Iberdrola passt seinen Investitionsplan der schwierigen Finanzmarktsituation an. Im Strategieplan 2008 bis 2010 hatte der spanische Versorger Investitionen von 17,8 Milliarden Euro vorgesehen. Doch angesichts der unübersehbaren Entwicklung an den Finanzmärkten behält sich das Unternehmen die Flexibilität vor, jährlich bis zu zwei Milliarden Euro weniger zu investieren.

MADRID. Das Nettogewinnziel von 3,5 Mrd. Euros für 2010 bleibe unverändert, erklärte Iberdrolas Präsident Ignacio Sanchez Galán gestern bei der Quartalspressekonferenz. "Es ist möglich dass die Finanzierungskosten steigen, in dem Fall haben die Investitionen mit der höchsten Rendite Vorrang."

Nach den Ergebnissen der ersten neun Monate des Jahres zu urteilen ist Iberdrola insgesamt gut aufgestellt für das schwierige Marktumfeld, vor allem in seinen beiden Märkten Spanien und Großbritannien.

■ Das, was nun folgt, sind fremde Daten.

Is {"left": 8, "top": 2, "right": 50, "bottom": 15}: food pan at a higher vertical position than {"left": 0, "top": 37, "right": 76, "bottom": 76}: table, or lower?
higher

Mit einer Steigerung des Reingewinns um knapp 54 Prozent auf 2,5 Mrd. Euro übertraf Iberdrola die Erwartungen der meisten Analysten. Der Vorsteuergewinn (Ebitda) stieg um 29 Prozent auf 4,9 Mrd. Euro. Die Stromproduktion erhöhte sich insgesamt um 23 Prozent auf 106 Mrd. kWh, wovon die Hälfte außerhalb Spaniens generiert wurde.

Vor allem verantwortlich für die guten Zahlen waren die britische Tochter Scottish Power sowie die Aktivitäten in Erneuerbaren Energien. Das Ebitda von Scottish Power von 1,4 Mrd. Euro trug rund ein Drittel des gesamten Vorsteuergewinns bei. Das Ebitda im Bereich Renewables stieg um stolze 114 Prozent. Doch auch auf dem spanischen Markt wuchs Iberdrola deutlich stärker als das gesamte Wirtschaftswachstum. Die Stromnachfrage sei relativ unabhängig von den Konjunkturzyklen, in Spanien etwa sei die Nachfrage in den letzten 25 Jahren nie gesunken, erklärte Galán.

Erst vor wenigen Wochen schloss Iberdrola die Übernahme des US-Versorgers Energy East ab, das ab dem nächsten Quartal in die Bilanzen integriert wird. Die Finanzierung des Deals sei schon ein Jahr zuvor, zu viel besseren Bedingungen, sichergestellt worden. "Wir haben unsere Investitionen immer im voraus finanziert", so der Iberdrola-Chef. Das Unternehmen habe seine Hausaufgaben gemacht und das Schuldenniveau trotz der jüngsten Übernahme auf 47 Prozent leicht gesenkt. Zudem verfüge die Gruppe über Liquiditätsreserven in Höhe von 9,2 Mrd. Euro.

Nicht eingerechnet in die Schuldenquote ist das sogenannte Tarifdefizit, die Differenz aus regulierten Endpreisen und den tatsächlichen Stromkosten in Spanien. Iberdrolas Tarif-Defizit belief sich in den ersten neun Monaten auf knapp zwei Mrd. Euro.

Mitte des Jahres liberalisierte die spanische Regierung immerhin die Stromtarife für Industriekunden, die etwa die Hälfte des Marktes ausmachen. Das war ein erster Schritt zur Lösung des milliardenschweren Defizits, das sich über die letzten Jahre angesammelt hat.

Bisher wurde dieses Defizit verbrieft und von der spanischen Nationalen Energiekommission an institutionelle Investoren verkauft. Die letzte Versteigerung im September wurde jedoch wegen mangelnden Interesses abgeblasen. Ende Oktober will das Industrieministerium gemeinsam mit den Energieunternehmen über eine Lösung diskutieren. Der Industrieminister habe zugesagt, das Defizit bis 2012 abzubauen, sagte Galán. Mögliche Wege dazu seien eine weitere Liberalisierung der Tarife sowie der Befreiung der Tarife von Zusatzlasten wie Steuern oder anderen Zuschlägen.

Anne Grüttner ist Handelsblatt-Korrespondentin in Madrid.